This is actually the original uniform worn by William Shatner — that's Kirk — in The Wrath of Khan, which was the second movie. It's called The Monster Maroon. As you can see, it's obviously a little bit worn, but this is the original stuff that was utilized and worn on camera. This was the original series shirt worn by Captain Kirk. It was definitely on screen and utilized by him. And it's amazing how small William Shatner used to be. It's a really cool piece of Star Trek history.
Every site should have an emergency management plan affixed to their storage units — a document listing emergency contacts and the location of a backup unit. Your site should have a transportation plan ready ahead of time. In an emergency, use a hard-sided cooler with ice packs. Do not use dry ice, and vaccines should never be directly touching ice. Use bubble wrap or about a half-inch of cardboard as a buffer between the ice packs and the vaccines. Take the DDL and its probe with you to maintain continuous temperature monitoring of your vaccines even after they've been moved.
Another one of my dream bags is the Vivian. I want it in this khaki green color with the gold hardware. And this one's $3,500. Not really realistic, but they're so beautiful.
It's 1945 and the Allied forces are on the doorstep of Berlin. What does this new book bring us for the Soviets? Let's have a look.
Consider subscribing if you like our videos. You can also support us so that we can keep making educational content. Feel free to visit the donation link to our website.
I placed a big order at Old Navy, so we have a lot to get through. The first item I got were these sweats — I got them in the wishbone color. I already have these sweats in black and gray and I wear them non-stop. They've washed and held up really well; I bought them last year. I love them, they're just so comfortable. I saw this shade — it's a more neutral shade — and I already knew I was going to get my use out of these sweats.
---
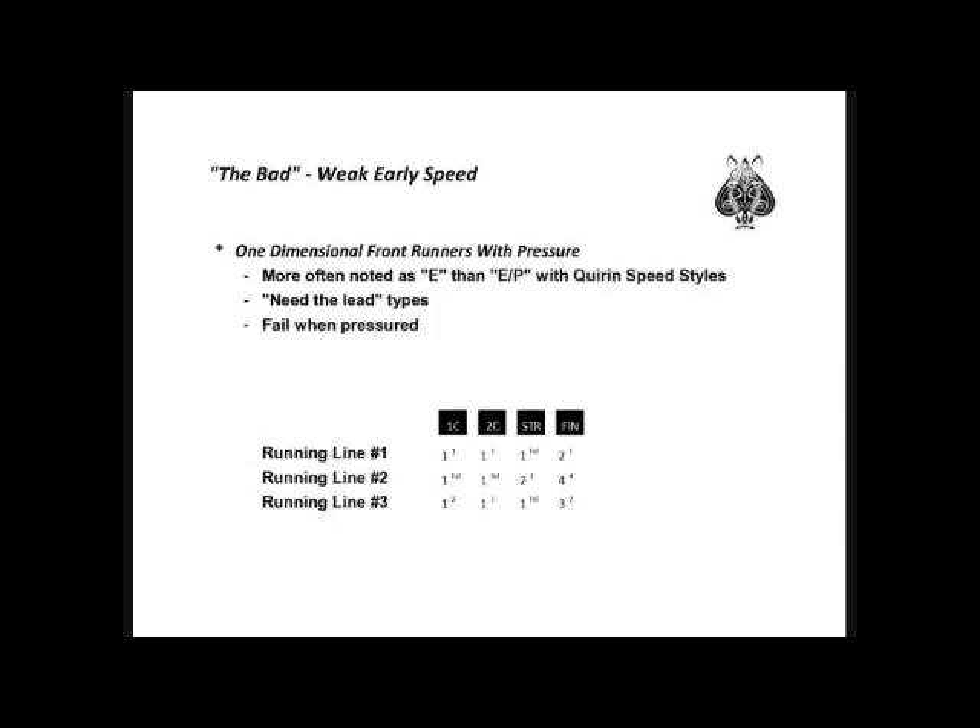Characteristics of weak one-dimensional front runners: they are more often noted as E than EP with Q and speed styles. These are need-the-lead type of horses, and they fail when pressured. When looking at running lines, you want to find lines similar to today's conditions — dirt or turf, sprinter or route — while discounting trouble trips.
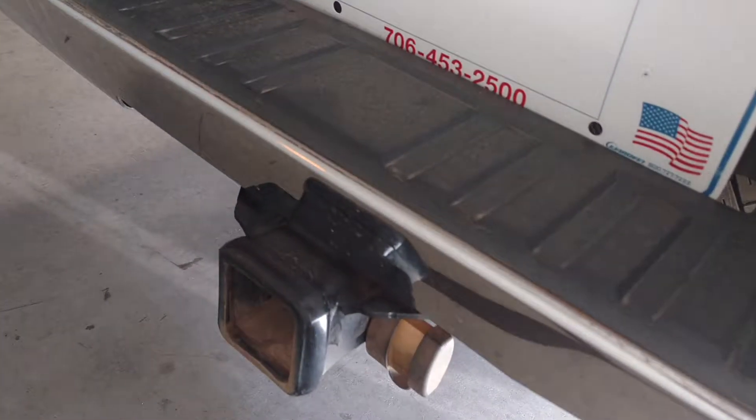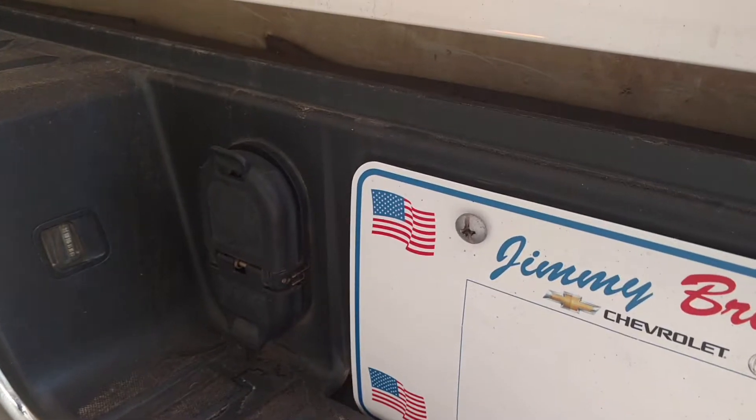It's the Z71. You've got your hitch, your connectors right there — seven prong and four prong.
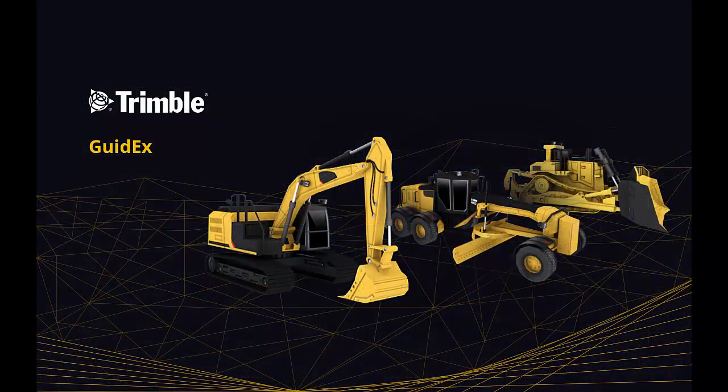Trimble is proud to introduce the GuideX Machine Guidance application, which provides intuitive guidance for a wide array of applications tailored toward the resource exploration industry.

WORK ORDER → Word for word, restate the lines of the listing above starting at the line with "It's 1945 and" and ending at the line with "Consider subscribing if", and nothing outside them.

EXERCISE ANSWER →
It's 1945 and the Allied forces are on the doorstep of Berlin. What does this new book bring us for the Soviets? Let's have a look.
Consider subscribing if you like our videos. You can also support us so that we can keep making educational content. Feel free to visit the donation link to our website.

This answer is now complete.